Interpretive Summary: Detection of pigments that are present in species of algae that cause off-flavor in catfish and fish mortality is necessary to provide best management options. Remote sensing can be used to detect these pigments by the reflectance of light at wavelengths specific to these algal species. Many pond constituents (both organic and inorganic) mask detection of these pigments because they also respond to these wavelengths. It is thus difficult to isolate particular wavelengths that are specific to the harmful algae. In previous research, a model was developed that used three bands (650 nm, 710 nm, and 740 nm) in mathematical combination to enhance the specific spectral signature of chlorophyll-a (Chl-a), a major indicator of water quality and the presence of potentially harmful algae. To determine the robustness of the model, the model was tested against pond sampling data from a previous year (2003), which included sampling for Chl-a. The model fit the data from 2003 very well, although single outlying data points were observed for a few ponds. These ponds showed Phaeophytin (Chl-a degradation product) levels up to 22 times higher than the average from the other ponds sampled on the same day and may account for the data outliers. More tests and analyses need to be conducted to confirm possible influence of these and other pond constituents on model response. Concepts for a remote sensing system were outlined that use narrow band filters with band centers at 650 nm, 710 nm, and 740 nm to detect Chl-a in catfish production ponds. This model will be useful in managing catfish production ponds more accurately.

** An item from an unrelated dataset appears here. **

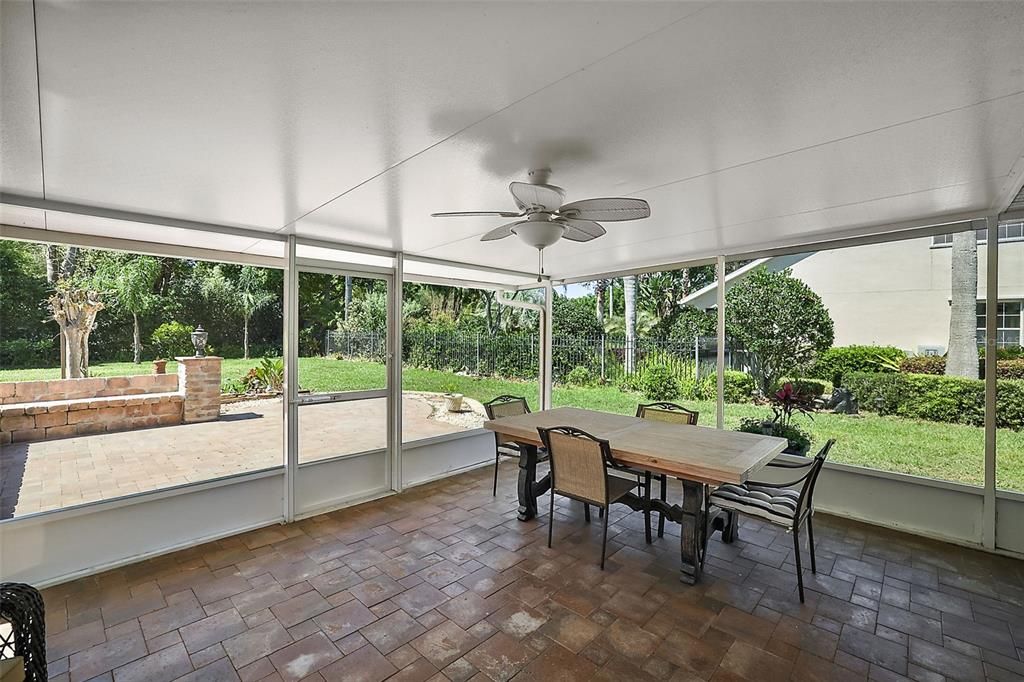 Enclosed Florida room leads you to the screened lanai, with brick paver floor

Technical Abstract: Detection of harmful algal blooms in Case II hypereutrophic aquaculture systems continues to be a challenge. Attempts to isolate certain pond constituents have been difficult because both organic matter and suspended sediments can mask detection of these components. A three band reciprocal reflectance model, originally developed to detect Chlorophyll-a (Chl-a) in terrestrial vegetation, had been tuned previously for detection of Chl-a in catfish production ponds at the USDA-ARS Stoneville, MS research facility using pond samples and spectroradiometer data. To test the model’s robustness, this study applied the tuned model to two other data sets from the same ponds. The strength of the model was confirmed by goodness of fit to these data. The good results are also noteworthy by the fact that spectroradiometer readings for the calibration data set were taken slightly below the water surface whereas readings for the evaluation sets were taken above the water surface, the latter possibly introducing specular reflection effects. Some model fits indicated peculiar outliers which, on preliminary analysis, indicated the presence of very high concentrations of Phaeophytin (Chl-a degradation products). Remote sensing systems to detect Chl-a in catfish production ponds can be adapted by selection of narrow-band optical filters with band centers at 650, 710, and 740 nm.